(Exercise aim):
Return the entries below verbatim. Pictures stay out.

(Provided data):
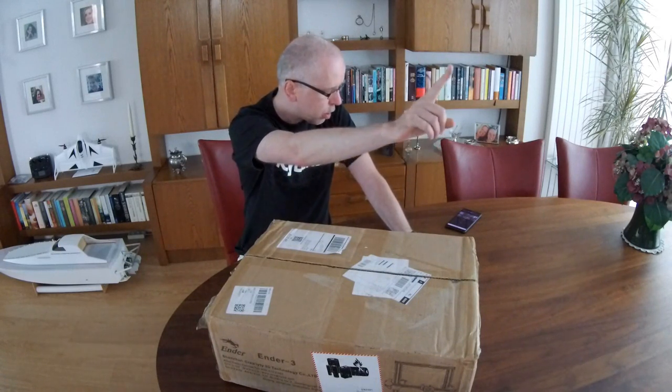I won't be building the printer in this video. I'll have a separate video, and there will probably be a link to my build video of the Ender 3 by Creality. In this video I'll show you the printer and its details, give you my first impressions, and we'll do a first test print. So let's switch by the power of YouTube to a fully built printer.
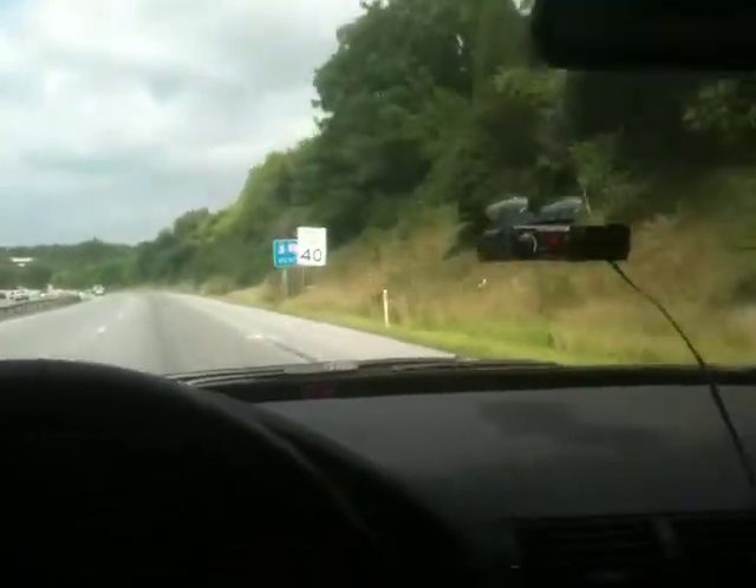We'll flip around and make run one against the source facing the other direction.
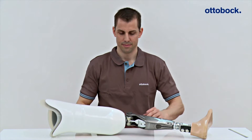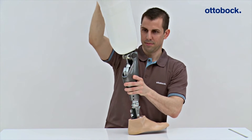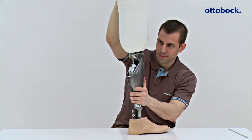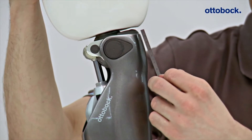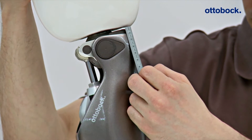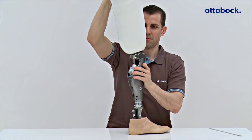Following bench alignment of the prosthesis, it is necessary to check that there is no potential for contact between the socket and main electronics at maximum extension of the knee joint. Even if there is still space when the knee is extended, collision and therefore damage to the main electronics may still result when weight is placed on the prosthesis.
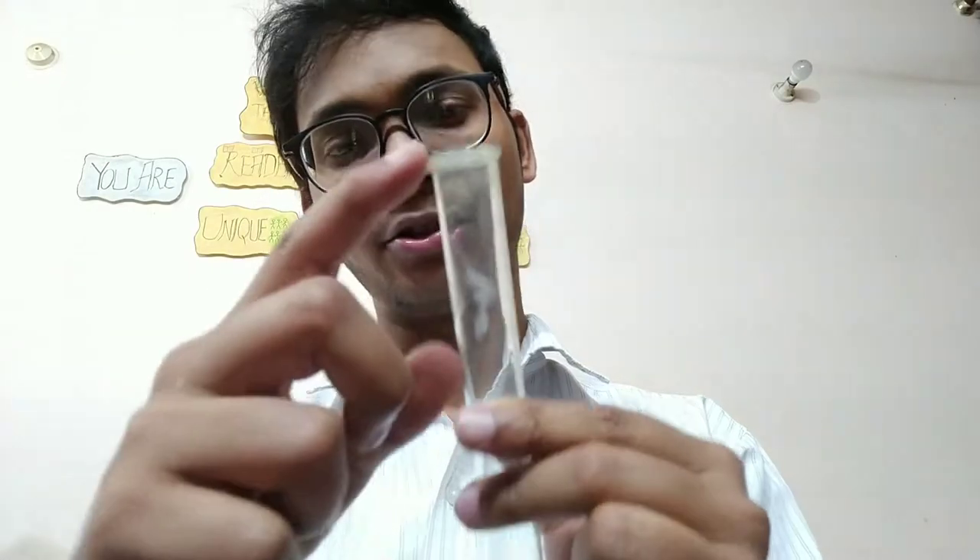I am going to give you two or three instruments, and they will all become the same. This is a test tube — you can see that it is closed from one side and open from the other. We can vibrate the air inside and produce sound. First we will hear the sound, and then we will see how we can change it.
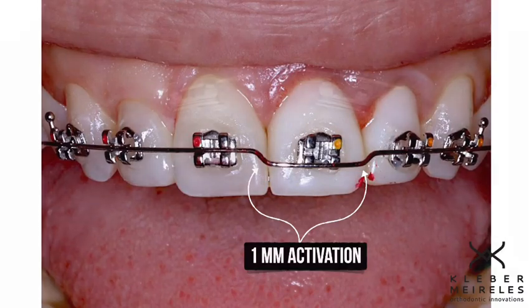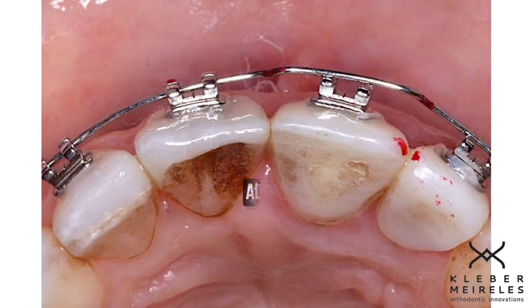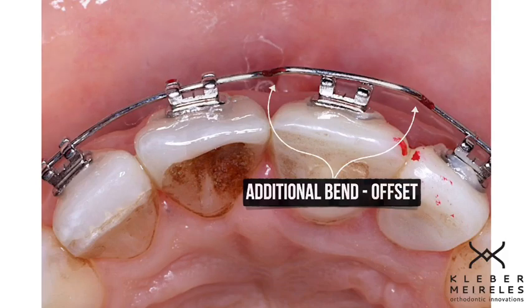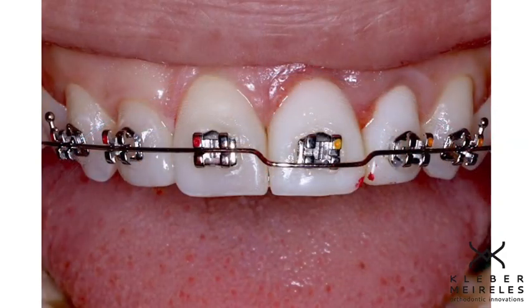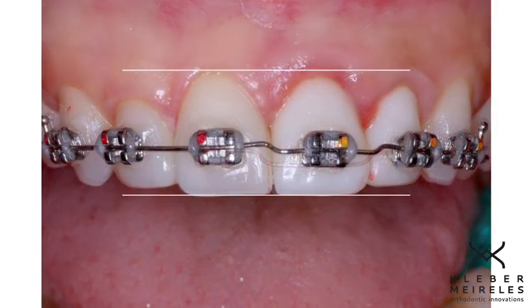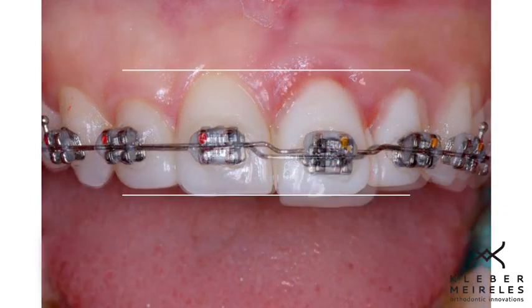And this is the bend — one millimeter step down bend plus one millimeter step forward, or offset bend, to control the movement of the incisor, avoiding the inclination of this crown towards palatal.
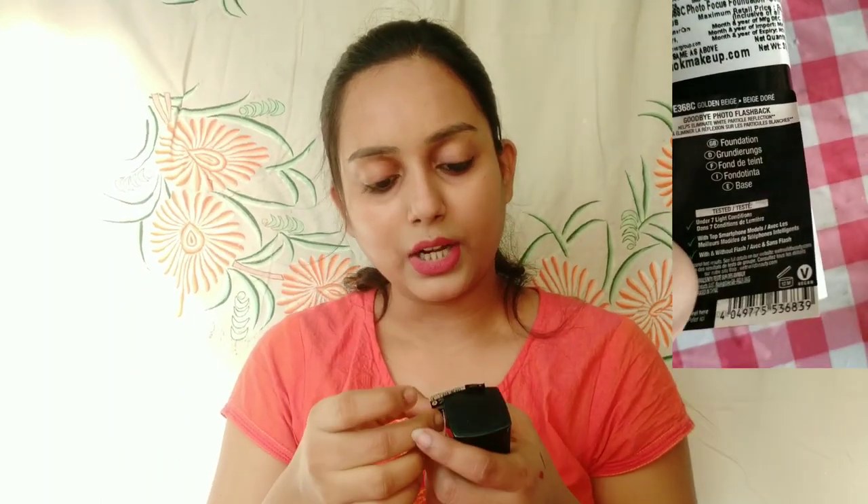I have tested the foundation under 7 light conditions and found a lot of ingredients to examine.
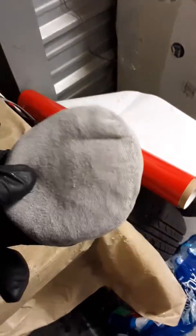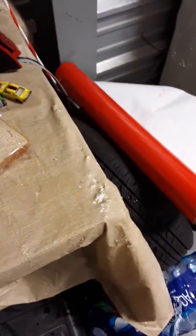Water beads up. Check us out at Dr. Detail window tint dot com. See ya!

(Written reply):
I won't be building the printer in this video. I'll have a separate video, and there will probably be a link to my build video of the Ender 3 by Creality. In this video I'll show you the printer and its details, give you my first impressions, and we'll do a first test print. So let's switch by the power of YouTube to a fully built printer.
We'll flip around and make run one against the source facing the other direction.
Following bench alignment of the prosthesis, it is necessary to check that there is no potential for contact between the socket and main electronics at maximum extension of the knee joint. Even if there is still space when the knee is extended, collision and therefore damage to the main electronics may still result when weight is placed on the prosthesis.
I am going to give you two or three instruments, and they will all become the same. This is a test tube — you can see that it is closed from one side and open from the other. We can vibrate the air inside and produce sound. First we will hear the sound, and then we will see how we can change it.
And this is the bend — one millimeter step down bend plus one millimeter step forward, or offset bend, to control the movement of the incisor, avoiding the inclination of this crown towards palatal.
I have tested the foundation under 7 light conditions and found a lot of ingredients to examine.
Water beads up. Check us out at Dr. Detail window tint dot com. See ya!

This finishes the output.